(Web page caption snippets)
##########

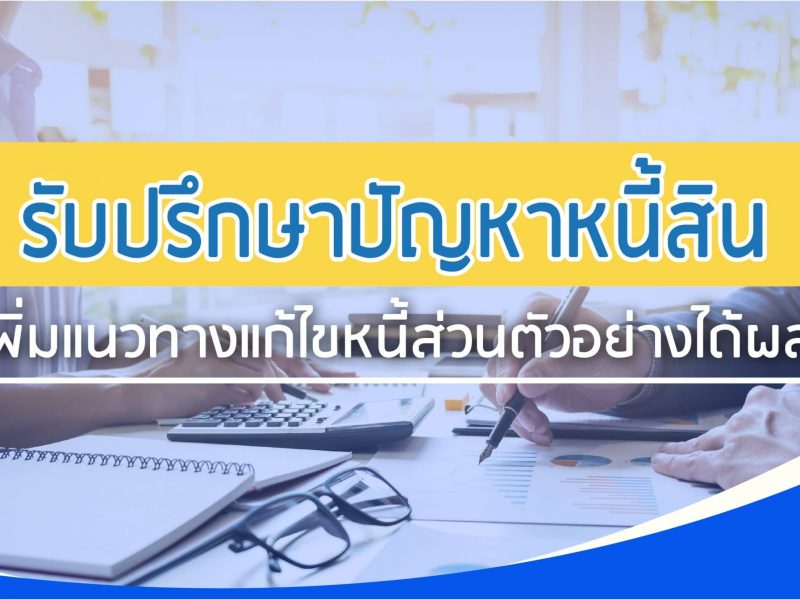 หนี้สิน, แนวทางแก้ไขหนี้, รับปรึกษาปัญหาหนี้สิน, เพื่อนแท้เงินด่วน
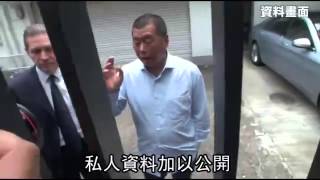 香港廉政公署約談 黎智英堅持爭普選--蘋果日報 20140918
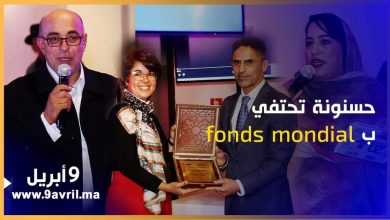 Photo of جمعية حسنونة وRDR MAROC تحتفي بالذكرى 20 لتواجد FONDS MONDIAL بالمملكة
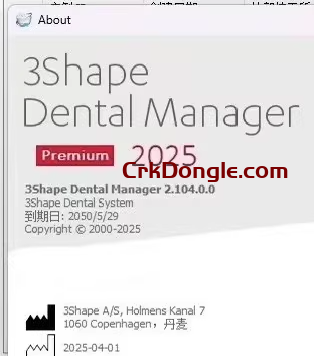 3Shape Dental System 2025-Engineering software Download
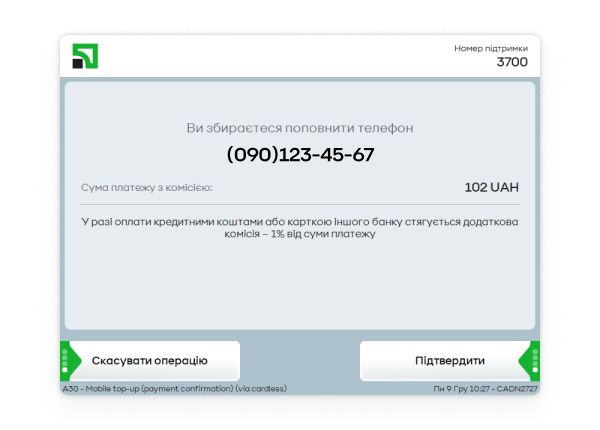 Check the data and click “Confirm”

##########

* Required action
Leaving the pictures out, transcribe the entries above exactly as written.

* Answer below
 หนี้สิน, แนวทางแก้ไขหนี้, รับปรึกษาปัญหาหนี้สิน, เพื่อนแท้เงินด่วน
 香港廉政公署約談 黎智英堅持爭普選--蘋果日報 20140918
 Photo of جمعية حسنونة وRDR MAROC تحتفي بالذكرى 20 لتواجد FONDS MONDIAL بالمملكة
 3Shape Dental System 2025-Engineering software Download
 Check the data and click “Confirm”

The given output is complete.